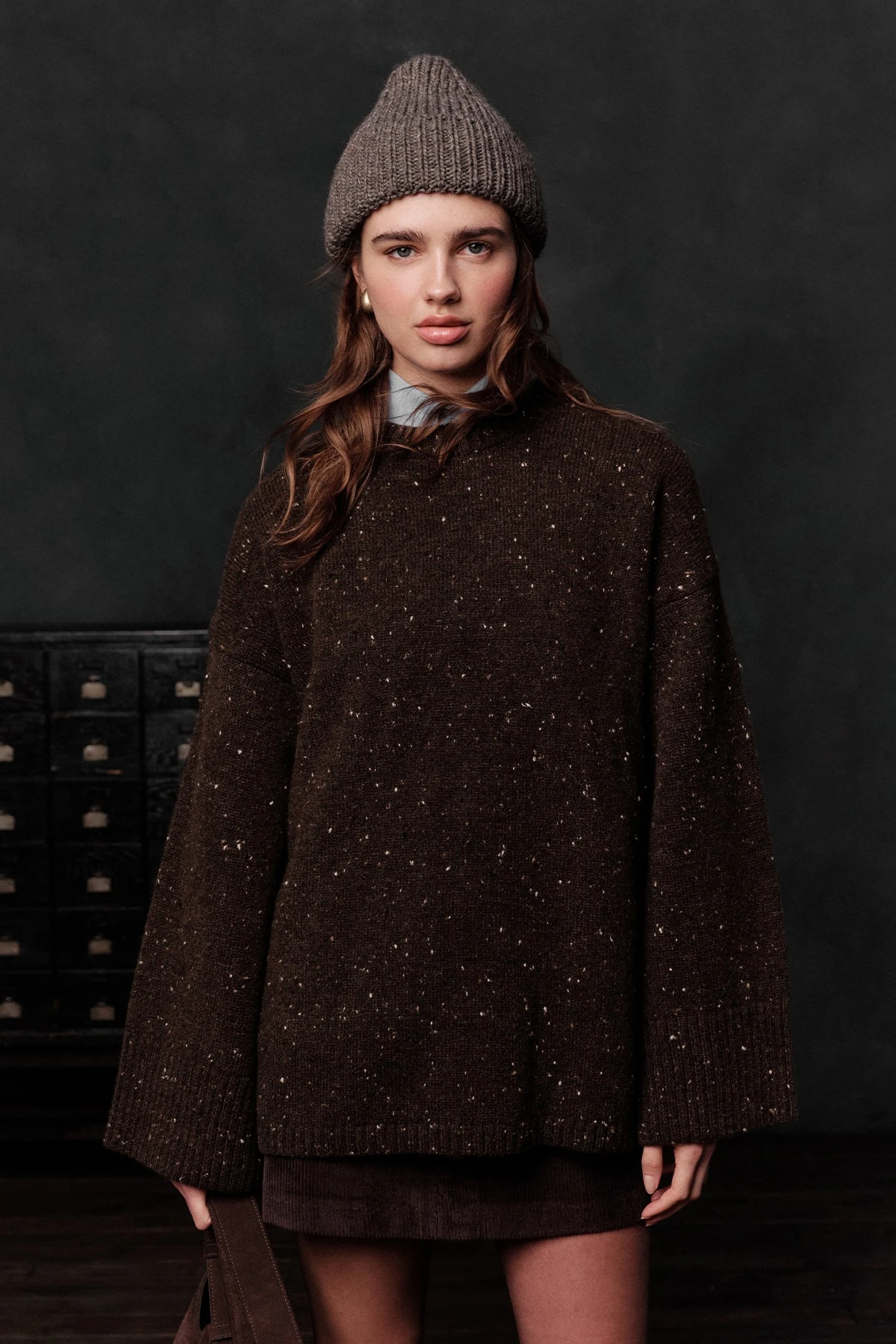 WIDE SLEEVE KNIT SWEATER BROWN WIDE SLEEVE KNIT SWEATER BROWN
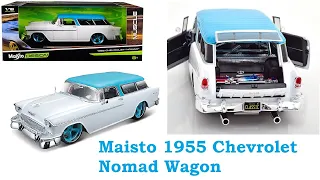Maisto 1955 Chevrolet Nomad Wagon White 1 18 Scale Diecast Model Car 32613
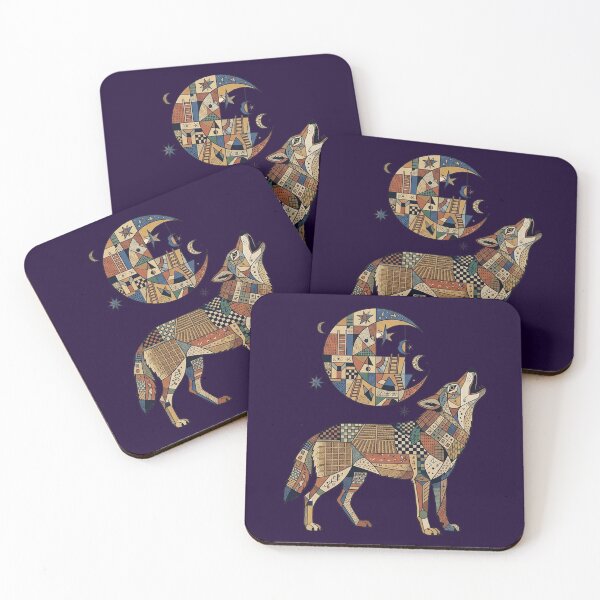 Item preview, Howling Wolf & Fractured Moon – Folk Art Celestial Wildlife Illustration designed and sold by FreiherrPK.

------------------------

**Problem:** Give back the material above exactly as written, but omit the images.

**Problem solution:**
 WIDE SLEEVE KNIT SWEATER BROWN WIDE SLEEVE KNIT SWEATER BROWN
Maisto 1955 Chevrolet Nomad Wagon White 1 18 Scale Diecast Model Car 32613
 Item preview, Howling Wolf & Fractured Moon – Folk Art Celestial Wildlife Illustration designed and sold by FreiherrPK.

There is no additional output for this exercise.